As it happens, I had in my library a book edited in
1971 by Mr Horowitz, in the days when he was still a leader of the American New
Left. It was a collection of essays about the life and work of Isaac Deutscher,
the British Marxist biographer of Stalin and, most famously, of Trotsky.
Deutscher was also a prolific journalist and essayist.
Isaac Deutscher was born in Poland, a subject of the
Tsar, in 1907, and died a British citizen in 1967. His move to England in 1939
saved his life; if he had either stayed in Poland or moved to Russia (where he
was offered a post at a university) he would almost certainly not have survived
the war.
Deutscher was an infant prodigy, brought up as a
religious Jew but losing his faith at an early age. He transferred his
religious longings at about the age of twenty to the secular faith of Marxism,
and never lost that faith to the day he died.
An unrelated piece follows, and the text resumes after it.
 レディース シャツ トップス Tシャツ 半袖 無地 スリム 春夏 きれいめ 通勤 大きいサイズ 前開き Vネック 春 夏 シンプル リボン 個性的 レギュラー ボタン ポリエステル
Happy the man who lives in his
faith, but unhappy the man who lives in a country in which his faith has become
an unassailable orthodoxy.
When one reads Deutscher aware of the fact that
English was his sixth or seventh language, one is truly astonished, for his
prose in his sixth or seventh language is lucid and even elegant, with
absolutely no hint that he is not a native-speaker, and a highly-educated one
at that. As a sheer linguistic feat this is, if not completely unexampled, very
remarkable indeed. Although a Marxist, he modelled himself as a stylist on
Gibbon and Macaulay, and if he does not quite reach their level – well, who
does nowadays?
His language was clear, but his thought was not. He
was what might be called a dialectical equivocator, made dishonest by his early
religious vows to Marxism. This made him unable to see or judge things in a
common-sense way. His unwavering attachment to his primordial philosophical
standpoint, his irrational rationalism, turned him into that most curious (and
sometimes dangerous, because intellectually charismatic) figure, the brilliant
fool. He was the opposite of Dr Watson who saw but did not observe: he
observed, but did not see. He was the archetype of the man, so common among
intellectuals, who knows much but understands little.
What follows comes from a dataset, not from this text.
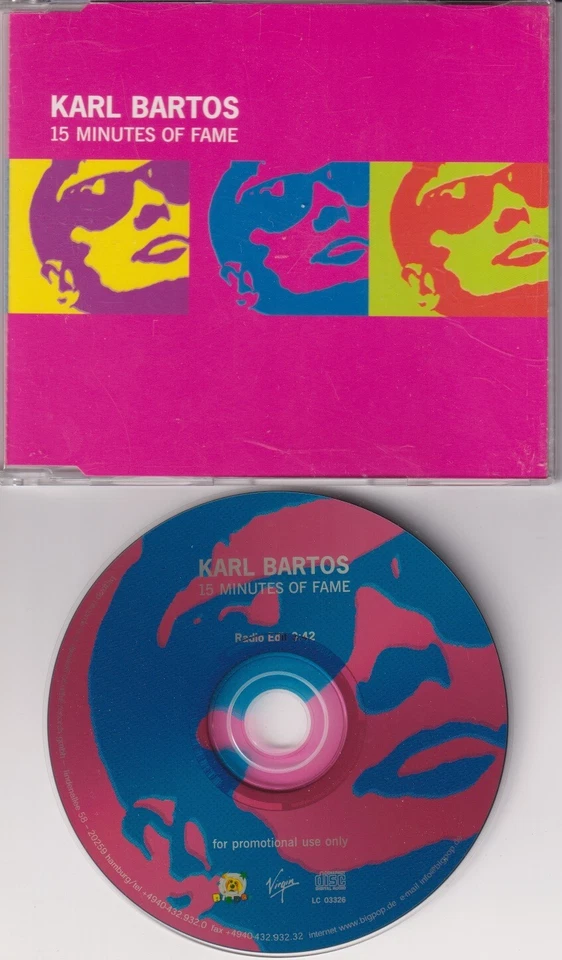 Karl Bartos – 15 Minutes Of Fame - 1 Track Promo SingleCD 2000 Bigpop  kraftwerk - Bild 1 von 1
A good example of this capacity to misunderstand
despite a great deal of knowledge occurs in his posthumous short book, Lenin’s
Childhood. When he died, Deutscher was working on a projected biography of
Lenin, but only the chapter devoted to Lenin’s childhood existed in anything
like publishable form; it was edited by his wife and collaborator, Tamara.
From the purely literary point of view, the fragment
is characteristically excellent, the very model of its type, written in
beautifully balanced prose and with a judicious amount of detail. Of course, an
account of so factual a matter as Lenin’s childhood must be influenced deeply
by the biographer’s overall assessment of Lenin’s character and achievements,
for the child is father to the man and it is the final character and
achievements of that man that the childhood in part is to explain or at least
prefigure. In Lenin’s case, we are interested in the childhood because of what
he became, not for its own sake; and it is inevitable that we shall look for
different germs of the future in it if we consider Lenin the nearest man to the
devil incarnate who has ever existed from those that we shall seek if we regard
him (as Deutscher did, according to his wife) as ‘the most earthly of all who
have lived on this earth of man’ – clearly a religious way of putting it,
incidentally. What is to be explained differs completely in the two cases: the
person who thinks of Lenin as the frozen-blooded murderer who could order
executions by the thousand without so much as the flicker of an eyelid will
look for different things in his childhood from the person who thinks that he
was the brilliant saviour of the world.
Be that as it may, there is a single reference to
Dostoyevsky in the fragment that illustrates perfectly Deutscher’s learned
obtuseness. Writing of Lenin’s father, an inspector of schools who was loyal to
the Tsar and the Orthodox church, Deutscher says:
In his young years memories of the suppression of the Decembrist rising were still fresh and forbidding. Then came the terror that crushed the Petrashevsky circle and broke a man of Dostoyevsky’s stature.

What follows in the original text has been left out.